I was watching Sci-Fi yesterday and saw an Episode of Star Trek: TNG that I think is quite profound given the article.

Relics, the Enterprise crew finds a crashed ship on the Dysen Sphere that had two individuals in the transporter buffed, one was Scotty. Those who know the episode will understand. For those that don't I don't feel like explaining it to you.

Re:Um, or... (4, Insightful)

everphilski (877346) | more than 5 years ago | (#24841763)

Either they choose to keep working, or they didn't put enough of THEIR OWN money away for retirement.

Why should we trust someone else to plan retirement for us? Yes, yes, I know, 40 years ago was a different time, but for those who didn't work a cushy job that came with a pension (my paternal grandparents were farmers, my maternal grandparents knew the pension would be insufficient), you realize you need to sock money away for retirement.

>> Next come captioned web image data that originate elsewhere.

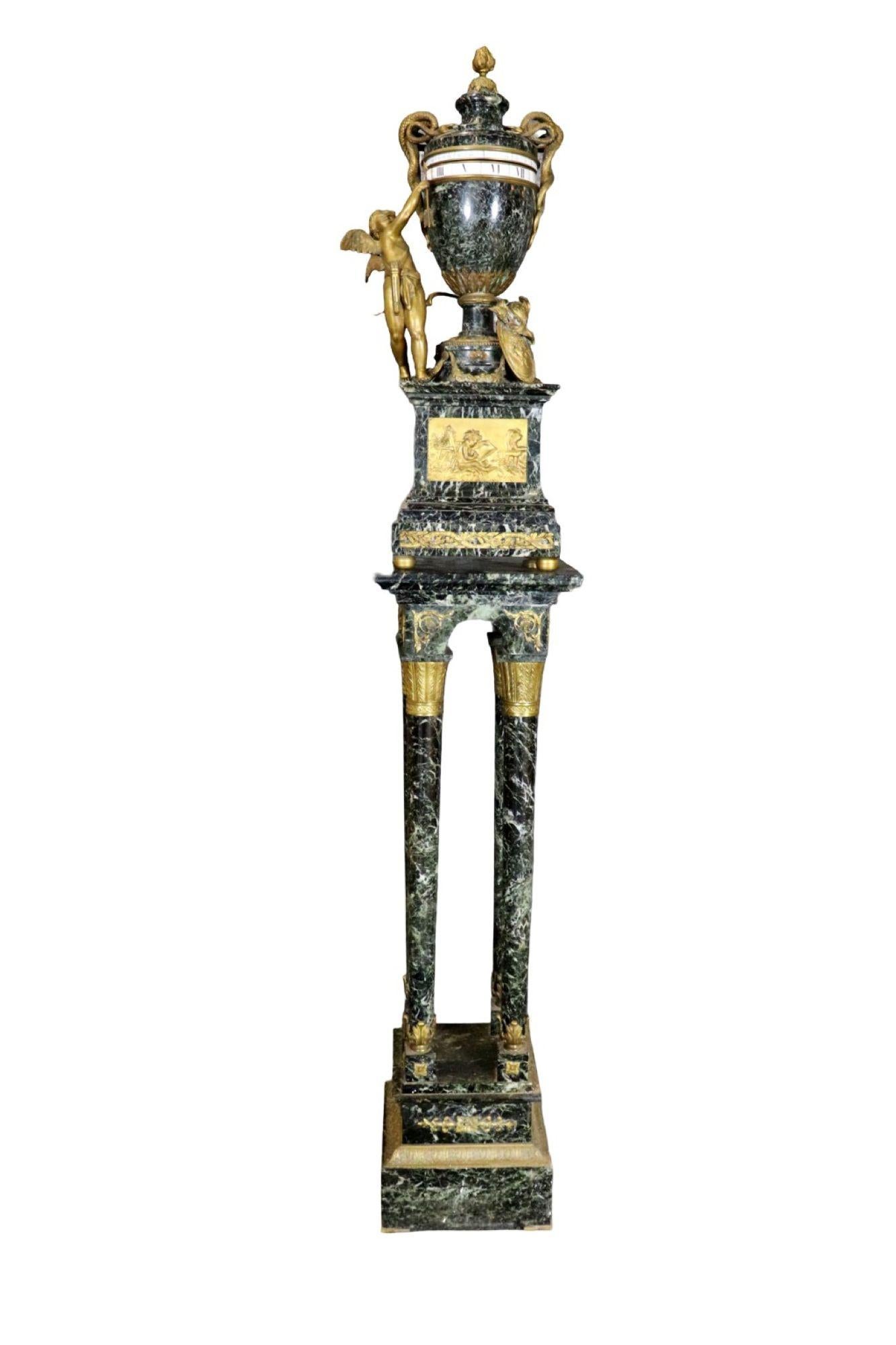 
19th C. French Rotary Clock.  Ormolu Mounted and Verde Antico marble rotary mantel clock on Pedestal. A fine large Louis XVI style gilt bronze mounted and verde antico marble rotary mantel clock.  The urn embellished with serpent handles, a putto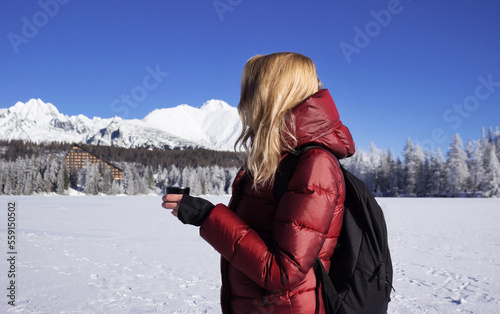A young woman holds a cup of tea against the background of mountains in winter. Strbske Pleso Lake, Slovakia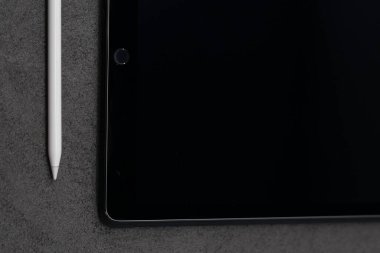 Gri kumaşta beyaz kalemle siyah ince bir tabletin üst görüntüsü.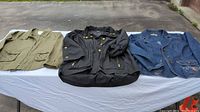 Three women's jackets laid flat: green, black, and denim
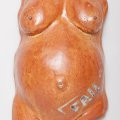 ceramics sculpture of pregnant woman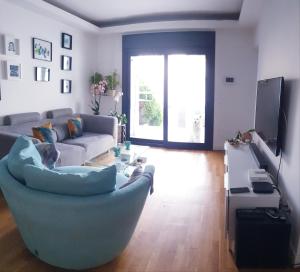 Apartamento MarySol B con Terraza y Piscina privada في بينالمادينا: غرفة معيشة مع أريكة وكرسي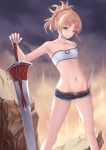  1girl absurdres armpits bandeau bare_legs belt blonde_hair braid breasts cloud cloudy_sky commentary_request cutoffs denim denim_shorts fate/grand_order fate_(series) feet_out_of_frame french_braid green_eyes hair_ornament hair_scrunchie halterneck highres mordred_(fate) mordred_(fate)_(all) navel nekobell outdoors ponytail red_scrunchie rock scrunchie short_shorts shorts sky small_breasts smile solo thighs 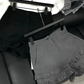 Frill Rush Layered Shorts in black and gray displayed on a hanger and laid on a couch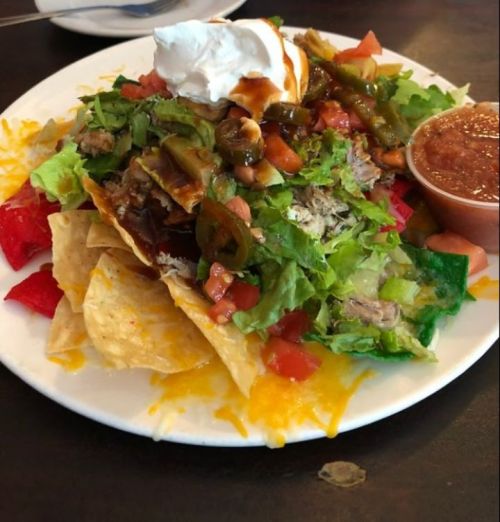 A plate of nachos topped with shredded chicken, lettuce, tomatoes, jalapeños, sour cream, and salsa on the side.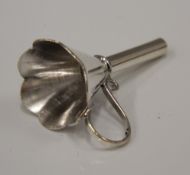 A miniature silver funnel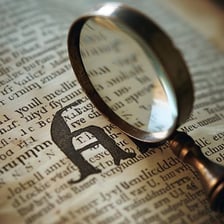 A magnifying glass making printed text appear larger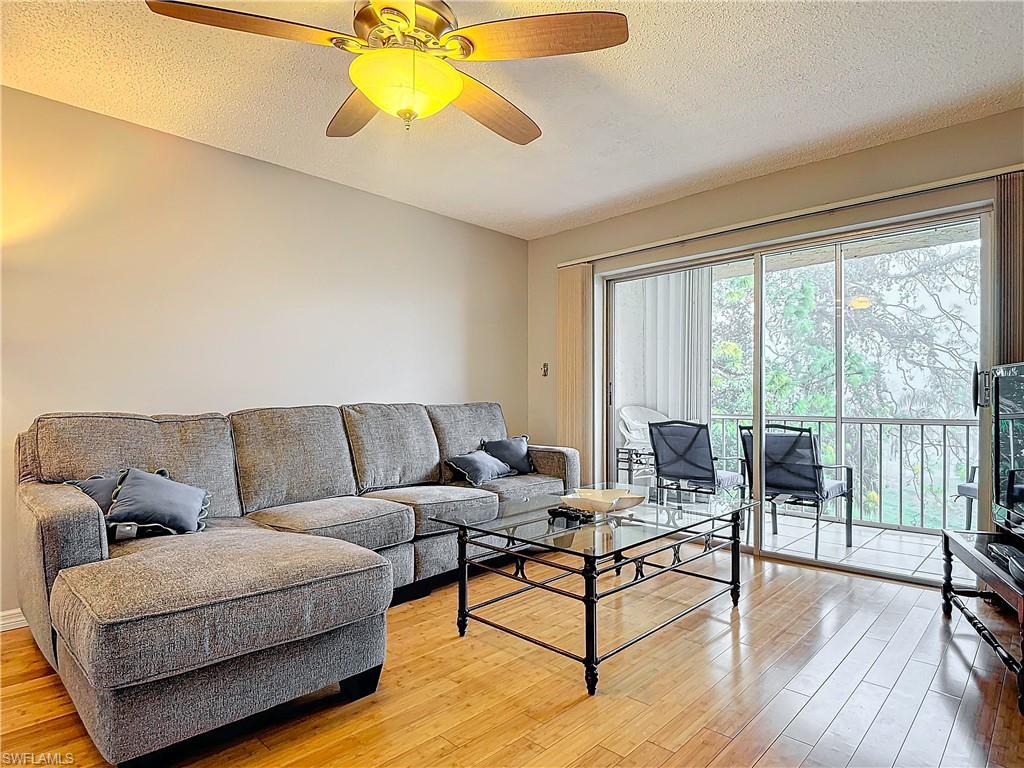 175 Turtle Lake Court, Unit 310 Naples, FL 34105 - Photo 13 of 34 Living room featuring hardwood / wood-style floors, a textured ceiling, and ceiling fan
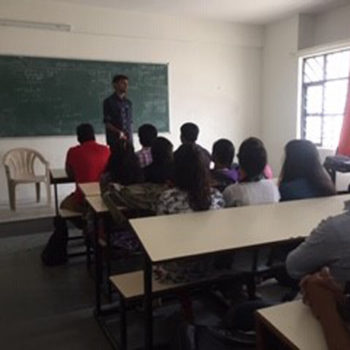 B.Com ALUMNI Mr.Rohit Sharma addressing the present B.Com students regarding placments
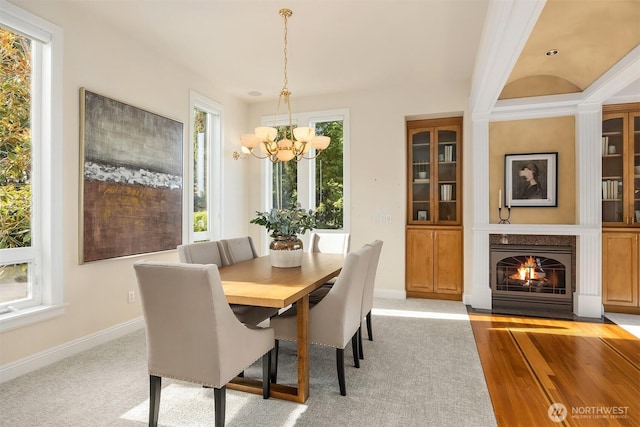 dining room with baseboards, a notable chandelier, and a fireplace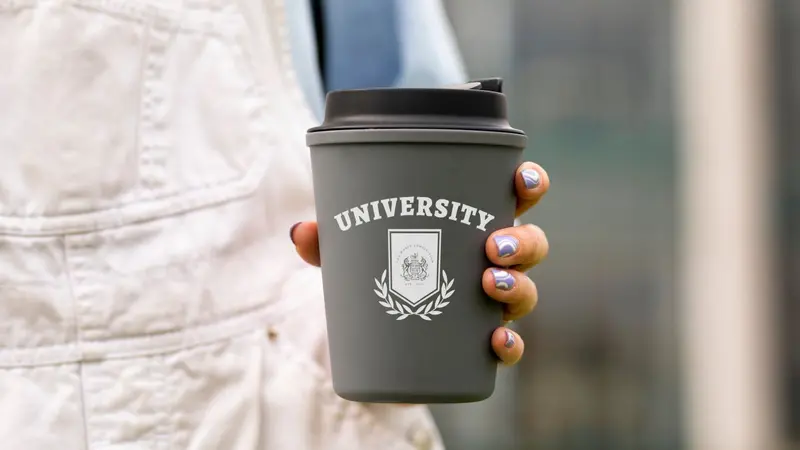 Woman holding a cup that says University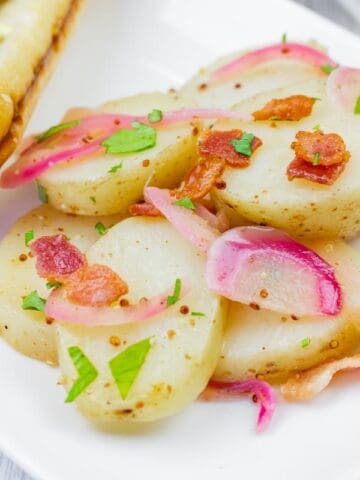 Sliced potatoes with bacon, onions, and herbs served on a white plate next to a sausage in a bun.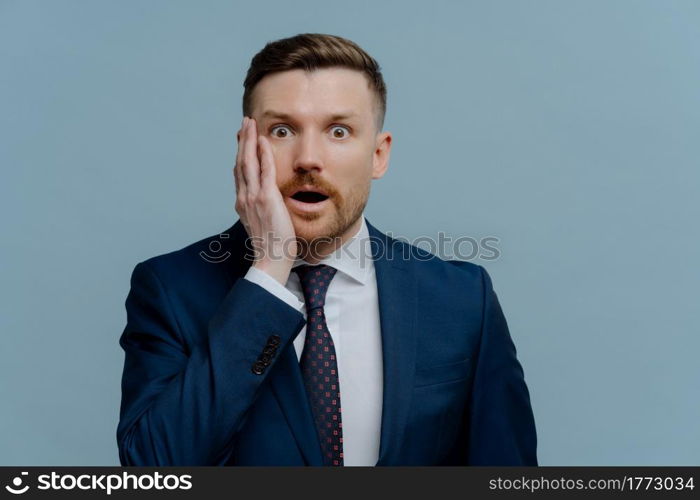 Stunned businessman in formal wear getting bad unpleasant news about his business, looking at camera with open mouth and shocked face expression while standing against light steel blue background. Surprised businessman receiving negative news and feeling shocked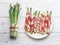 Green asparagus sprouts wrapped in ham on wooden table. Top view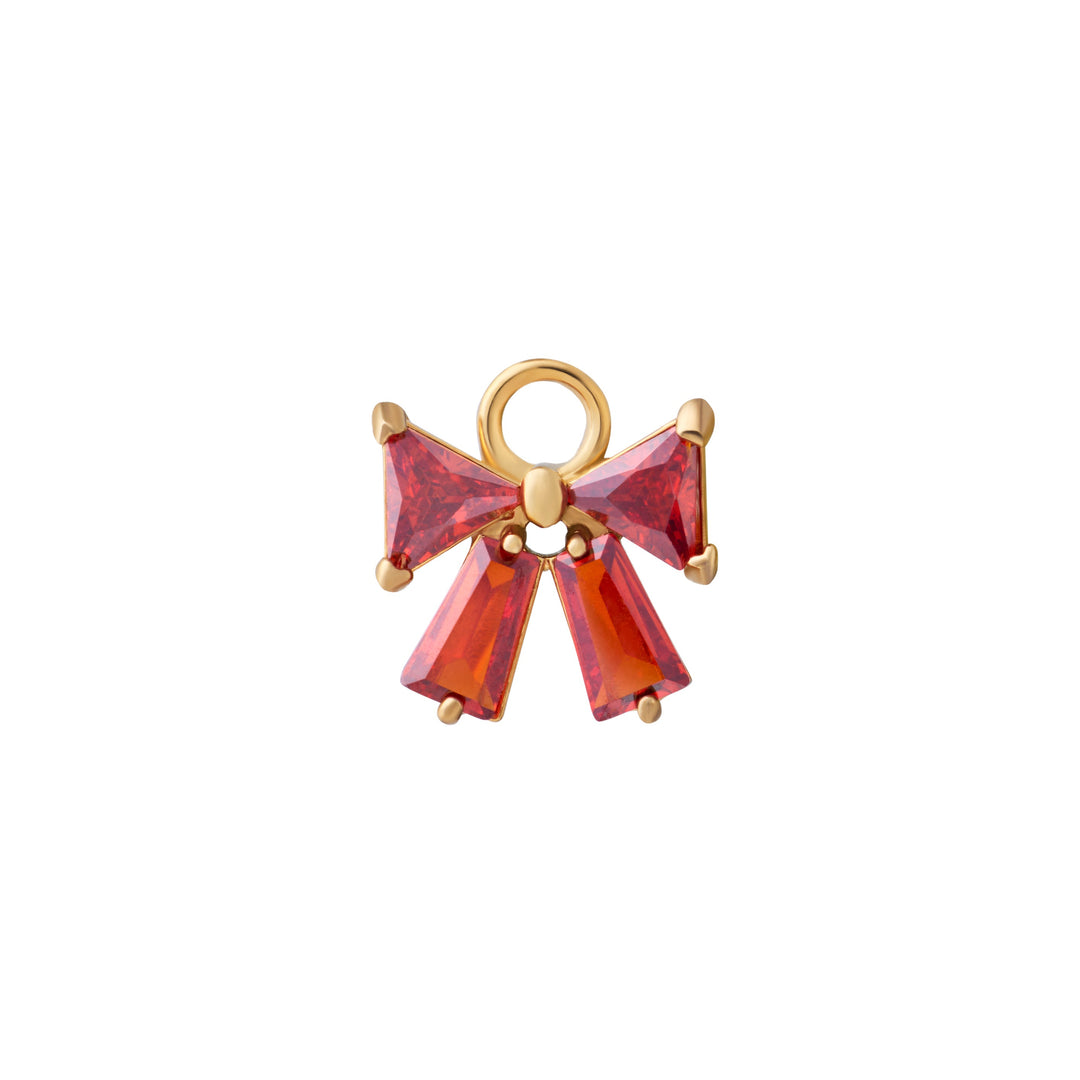 Gold bow-shaped charm with red gemstones on a white background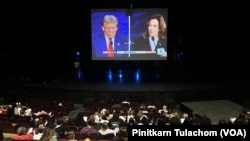 Students attend the presidential debate watch party at Temple University’s Klein College of Media and Communication in Philadelphia, PA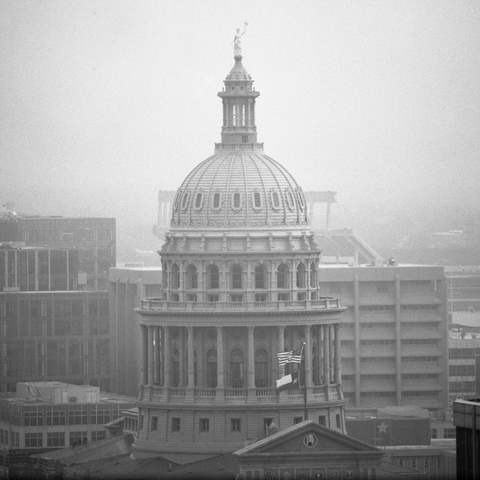 A black-and-white film photo. The Texas State Capitol is seen surrounded by fog in downtown Austin, Texas. Saturday, February 28, 2026.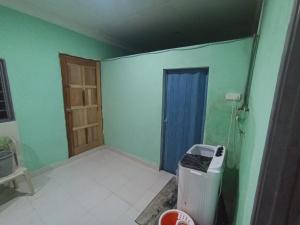 a room with a door and a room with green walls at Mtf Homestay in Baling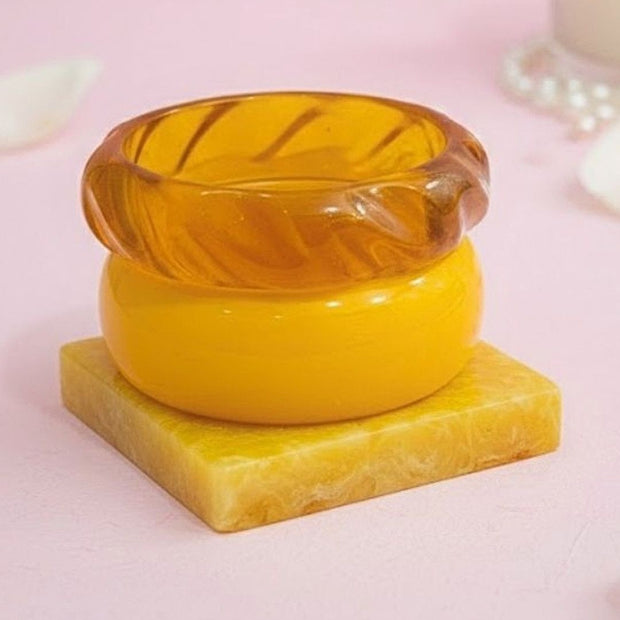 Three resin bangles in amber, mustard and marbled yellow stacked on a square yellow resin prop against a pink background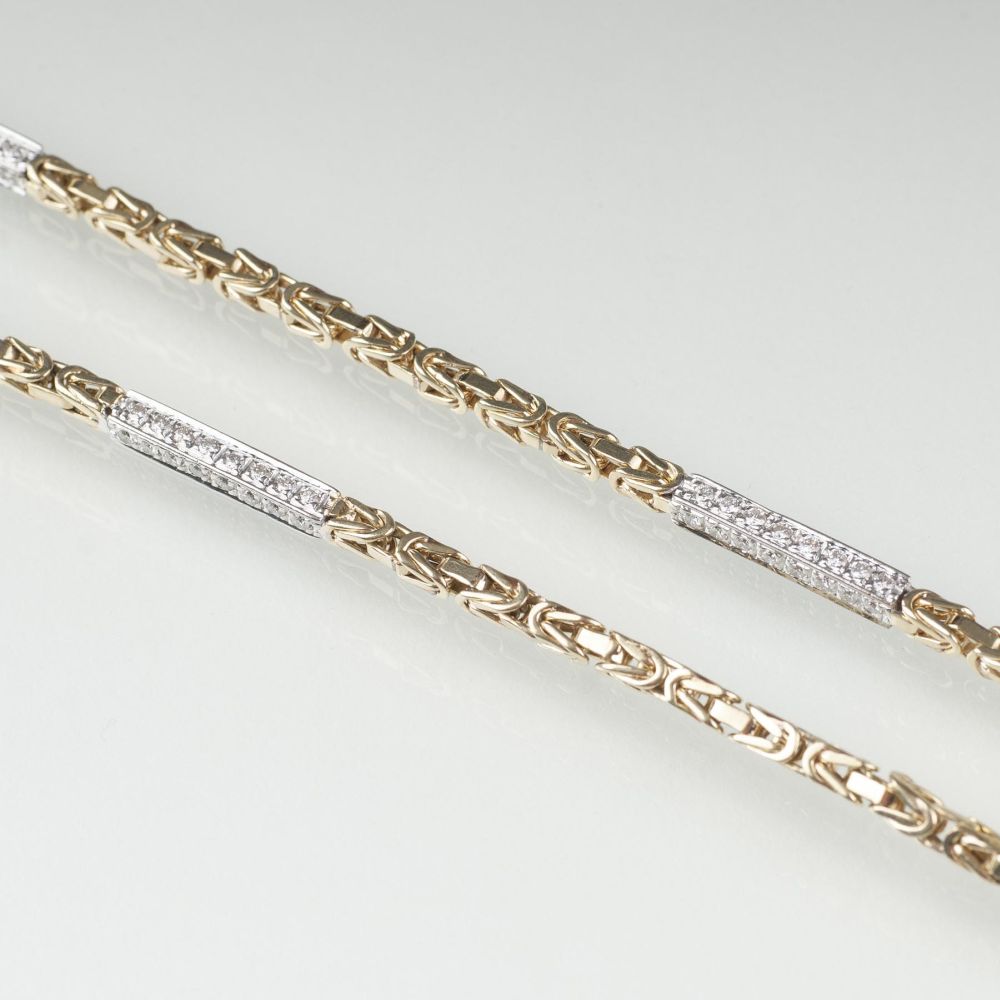 A Gold Necklace with Diamonds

Myself, I plan on being financially independent by 55 (and have the plan to do it), although I have no intentions to stop working. At that point in time, work is no longer a necessity, you aren't doing it because you NEED it, but because you WANT it, and I can stop to take a trip with my wife whenever we feel the urge, or go visit the kids, etc. It's a good place to be in.

Re:Um, or... (0, Troll)

ShieldW0lf (601553) | more than 5 years ago | (#24842077)

Either they choose to keep working, or they didn't put enough of THEIR OWN money away for retirement.

You willfully blind people, always talking about money. Look at demographics. Look at how they are affecting what is currently happening in Japan. Old folks homes with robots and minimal staff, looking like the worst elements of the Matrix

Look at hyper-inflation.Watch some old videos of Russian grandmothers trying to buy bread with wheelbarrows of cash.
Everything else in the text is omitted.